At an army checkpoint ten kilometers outside Hurghada, two soldiers came on board and checked everyone's ID. They were looking for a foreigner; he could pass for a working-class Egyptian, he told himself, his heart pounding. His battered ID card and the chicken made them pay him little attention. They asked where he was going, and he said he was visiting his cousin in Hurghada. He hoped to work in a hotel there. The soldier shrugged and went on to the next passenger.

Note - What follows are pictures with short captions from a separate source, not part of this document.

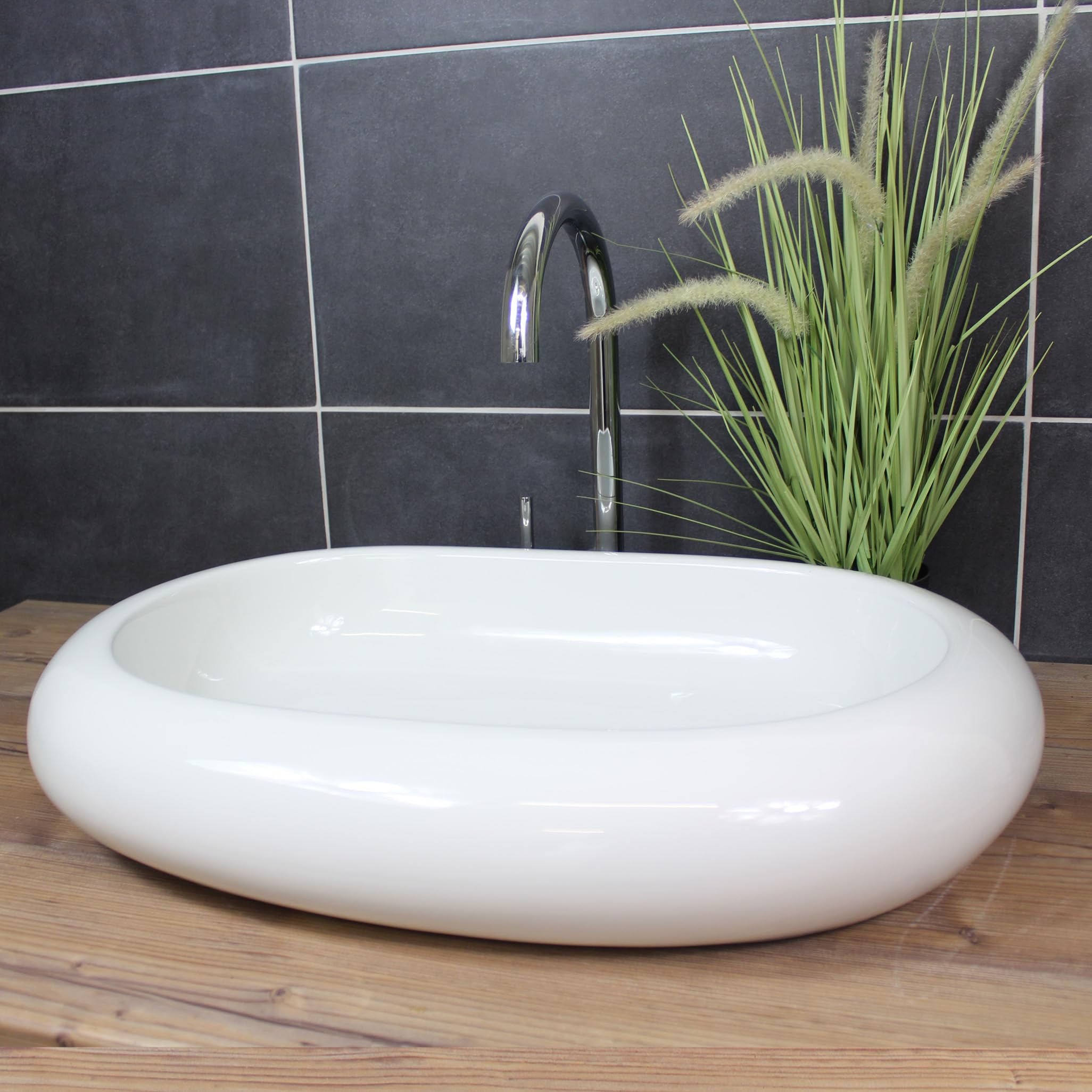 Lavabo ovale da appoggio 62 x 40 x 10 cm, allungato, arrotondato, in ceramica, bianco, moderno, grande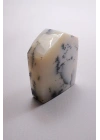 Piedra de Bolsillo Pulida en Forma Libre Merlinita en Blanco y Negro - Ópalo Dendrítico de Nieve Azul-Negro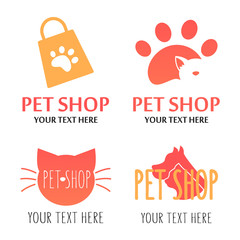 Pet shop logotype set. Logo for store with food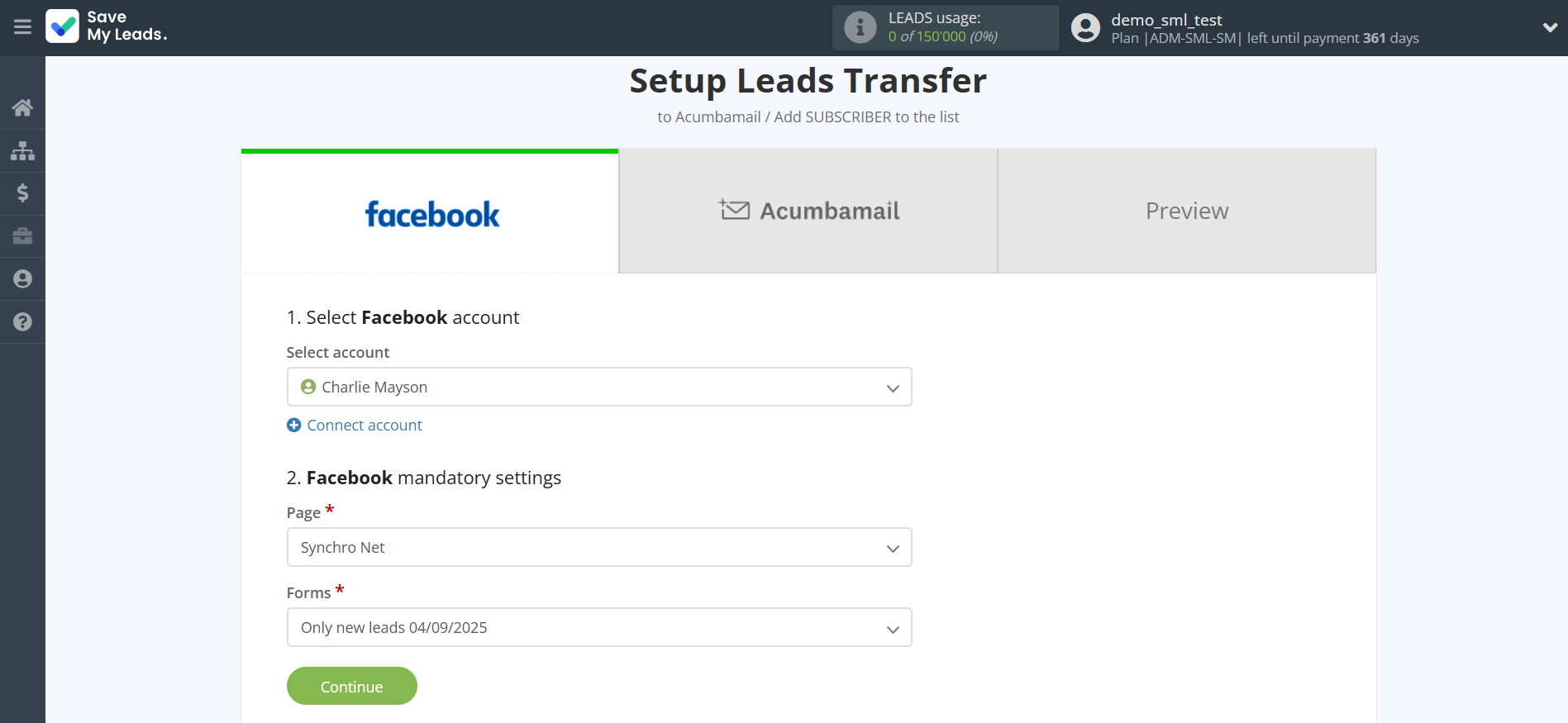 How to Connect Facebook with Acumbamail Add Subscribers | Data Source account connection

He traded the chicken for lunch in a worker's restaurant in Hurghada near the port and caught the ferry in the harbor to Sharm el Sheikh, the resort city at the southern tip of the Sinai peninsula. When the ferry landed, he went into a public bathroom stall and changed out of his
gallabiya
and turban into a “Rock for Africa” T-shirt, shorts, and sunglasses, more suited to the beach scene with its bikinis and Four Seasons and Starbucks cafés. At the beach at Naama Bay he connected with a pair of Danish backpackers. They went for drinks at the Camel, a rooftop bar where they were joined by a spectacular Swedish blonde who was, she said, a lingerie model in Sharm for the scuba diving “and the beautiful Arab men.” She touched his forearm with her fingers and suggested they could see the sunset better from her room.

In the morning, he left her snoring on the bed and took the ferry to Aqaba in Jordan. There were army patrols by the ferry before he left Sharm el Sheikh, but they took one look at his backpack, sunburned face, and German passport and let him pass. By mid-afternoon he was sipping a Bloody Mary in the first class cabin of a Lufthansa flight from Amman to Frankfurt, leaving behind what was to become the most intensive manhunt in human history. Before it was over, it would nearly destroy the CIA and force everyone involved into the most terrible choice of their lives, including the American agent known only as Scorpion.

CHAPTER TWO

Karachi, Pakistan

T
he steel container hung high in the air as the gantry crane swung it over to a row of containers stacked four high on the dock. Two dockworkers shared a cigarette in its shadow, unconcerned as the container passed over their heads. They knew the standard twenty-foot TEU unit was at most fifteen tons, and that the big crane could easily handle three to four times that weight. The crane lowered the container neatly into the next position in the top row as though stacking Legos and swung back for another container.